Memphis: Here Comes A City

Memphis: Here Comes A City

Named after a song by The Go-Betweens, Here Comes A City finds Stars frontman Torquil Campbell and longtime friend Chris Dumont consciously carrying a torch in their side-project Memphis for the hushed, up-tempo dream pop that threatened to go out of style when the Australian indie-rock greats broke up in 2006. When they’re disciplined, Campbell and Dumont are masters at this stuff, dealing in spacey darkness and having fun in the process, thumping and chanting on Here Comes A City with an exuberance they’ve never exhibited before. Recorded over a three-year period, Here Comes A City mostly omits the electronic and jazzy excursions of past releases, scaling things back but still showcasing a welcome diversity of styles.
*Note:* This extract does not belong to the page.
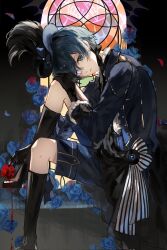ciel phantomhive from kuroshitsuji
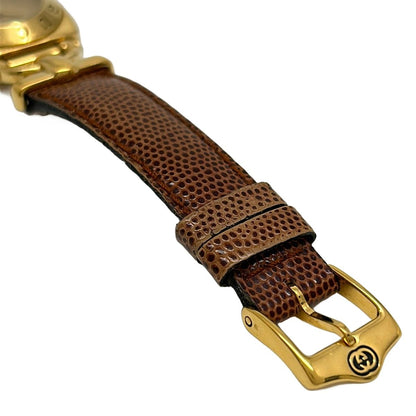 Gucci Watch Gold — view 7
This includes, unfortunately, a few self-indulgent, patience-trying tracks; “Reservoir” is a formless, seven-minute instrumental that drains the musical momentum that’s built across the first six tracks. Mostly, though, Here Comes A City strikes the right balance of lyrical weight and drifting, otherworldly atmospherics, particularly on the rolling, expansive “Apocalypse Pop Song” and the catchy, finger-snapping “Wait!” It’s clear Memphis isn’t interested in “just” making relaxed, lush acoustic pop songs, but when it does, it’s a beautiful thing.